Five gets down on one knee to be at Claire’s level. She looks at him with huge eyes as he says, as softly as he can to avoid frightening her, “Hello, Claire.”

“Hello, Uncle Five,” the little girl says. She smiles shyly. “Nice to meet you.”

“Nice to meet you too. I’ve been waiting to meet you for a very long time, actually. Longer than you’ve been alive.”

He hears Allison stifle a sob, her fingers burying themselves in Claire’s curls. He wants to cry too, but it’s been a while since he’s shed a tear. 

4.

He was thirty-six and he was going to die. This was all he could think about as he lay on his bedding, wrapped in layers of ratty blankets and shaking so hard his teeth rattled. His head was killing him and from time to time he was wrecked by coughs that felt like they were tearing his lungs apart. Outside, a storm raged, threatening to wrench away the tarp and beams that kept his refuge together. He needed more antibiotics, more water, more food, but even without the storm he wouldn’t have been able to stand up and go get what he needed. 

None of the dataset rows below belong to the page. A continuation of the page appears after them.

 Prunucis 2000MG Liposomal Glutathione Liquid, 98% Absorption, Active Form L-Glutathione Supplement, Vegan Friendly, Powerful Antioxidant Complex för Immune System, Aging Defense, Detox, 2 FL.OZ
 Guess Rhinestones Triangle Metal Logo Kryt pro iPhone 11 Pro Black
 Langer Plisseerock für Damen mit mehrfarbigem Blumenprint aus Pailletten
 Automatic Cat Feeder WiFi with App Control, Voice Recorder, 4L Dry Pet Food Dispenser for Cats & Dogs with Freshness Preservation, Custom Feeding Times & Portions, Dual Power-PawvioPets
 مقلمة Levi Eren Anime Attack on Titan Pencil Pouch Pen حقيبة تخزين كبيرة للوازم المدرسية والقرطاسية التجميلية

“I’m sorry,” he said in a hoarse voice to Dolores, who was bundled in her own blankets, her head covered with a fur-trimmed hat. “I don’t want—to leave you alone, but—No, I’m _not_ being—” He was cut off by a coughing fit that left him with a bloody taste in his mouth, his eyes crying from the pain in his lungs. “—not being dramatic. You have to get ready for it. I’m dying. It’s kind of—kind of a relief, to be honest. I’m just so tired of… No, not of you, of course. Never of you. But I’m so tired. I just wish that I had time for… the things I wanted to do. Save the world. See my family again. Although… do you think they might be around? As ghosts, I mean. Maybe they’ve been with me the whole time and when I die, I will—”

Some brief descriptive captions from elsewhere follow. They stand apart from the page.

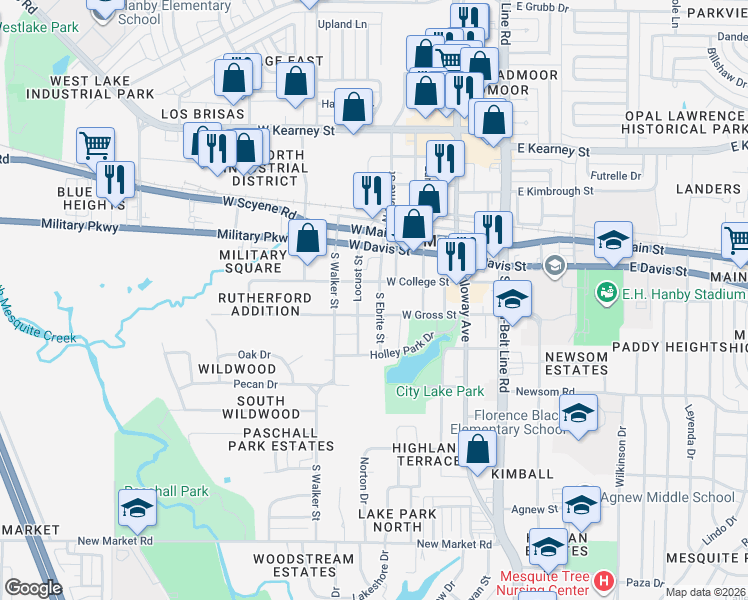 map of restaurants, bars, coffee shops, grocery stores, and more near 316 Locust Street in Mesquite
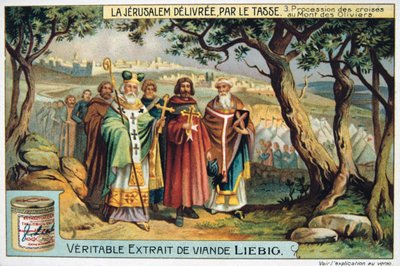 La Jerusalem delivree par le Tasse, Procession av kors till Olivberget. 1800-talet av Unbekannt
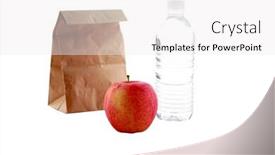  Presentation with lunch - Presentation design featuring bag lunch isolated on white background and a white colored foreground
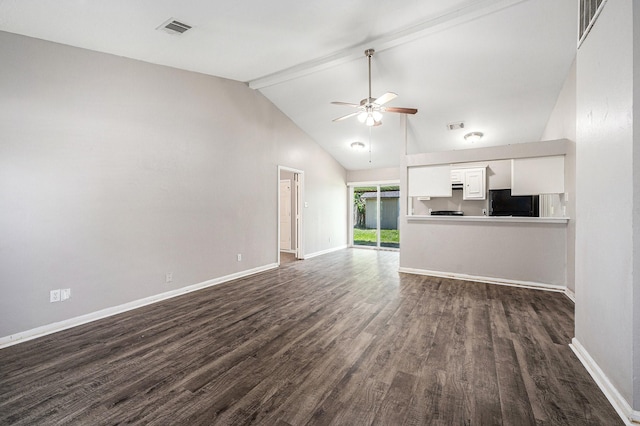 16243 Knollridge Ct, Houston, TX 77053 - unfurnished living room featuring dark wood-style floors, ceiling fan, and baseboards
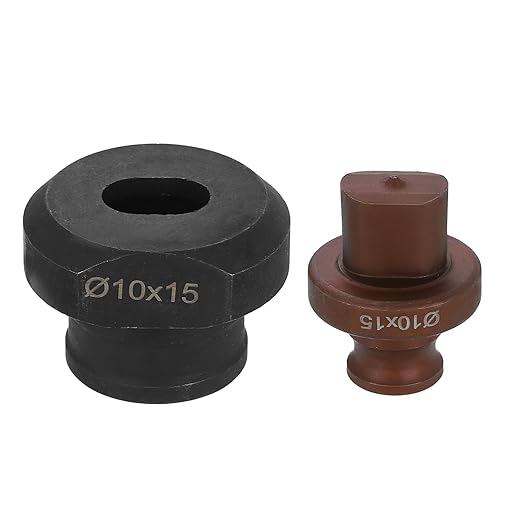 HARFINGTON Hydraulic Hole Punch Die 10x15mm Oval Hole 40Cr Steel Electric Punching Kit for MHP-20 JP-20 Electric Punching Machine, Burgundy & Black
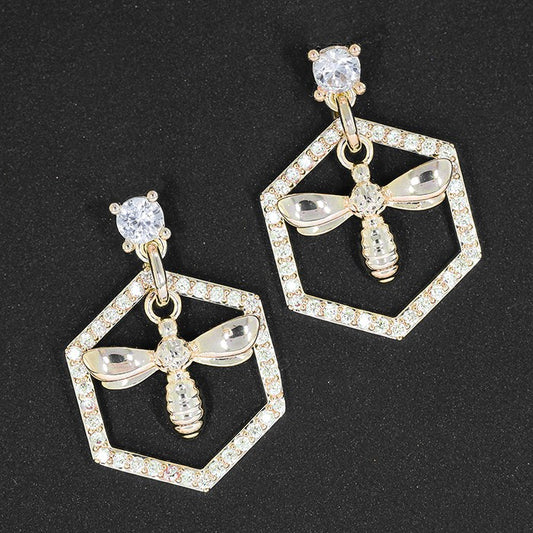 Equilibrium Honey Bee in Honeycomb Gold Plated Earrings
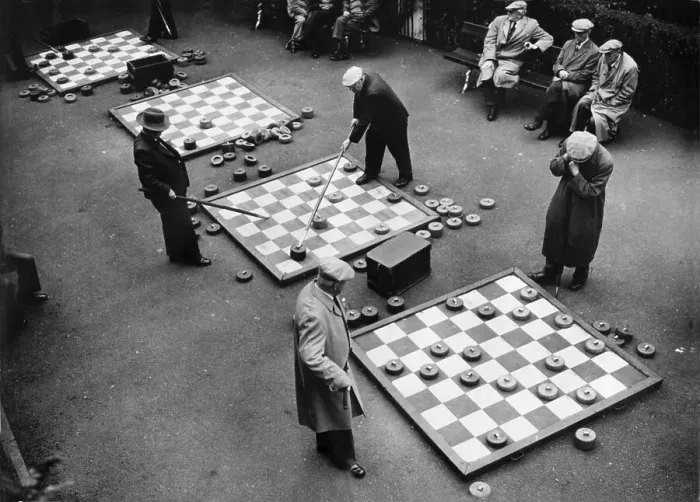 Framed Print : Men playing drafts, historical photo, circa 1920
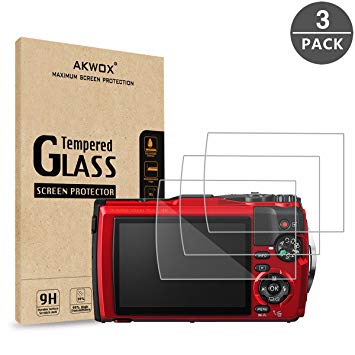 (Pack of 3) Tempered Glass Screen Protector for Olympus Tough TG-5 TG-4 TG-3, AKWOX [0.3mm 2.5D High Definition 9H] Anti-Scratch Optical LCD Premium Protective Cover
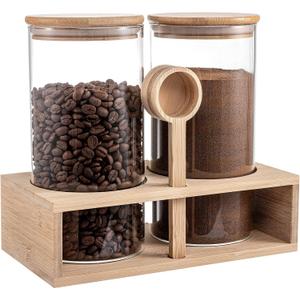 ANPHSIN 2Pcs 49oz Large Capacity Glass Coffee Containers - BPA Free Storage Jars with Hollow Shelf Lids and Spoon for Coffee Bean Bar Station Kitchen Gift (Burlywood)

—sit up, all the pain finally gone. Five can’t hear the storm outside anymore, though he doesn’t know whether it’s because it has let up or because he’s passed an invisible veil and the world of the livings is distant now. Because Five is perfectly aware of what has just happened, that he’s dead now. He feels no alarm at the thought, except for a vague intellectual curiosity about what’s going to happen now. Which of the various religions has gotten it right? Is there a heaven or an afterlife that will allow him to see his family again?

“Can you hear me now?”

Five’s post-death calm is broken at the unexpected voice, and if he still had a beating heart it would probably have skipped a beat. Not a lot of daylight filters into his refuge, but there’s enough for him to see that someone is sitting cross-legged next to Dolores. 

“Who’s there?” Five asks, squinting to make out the shadowed face.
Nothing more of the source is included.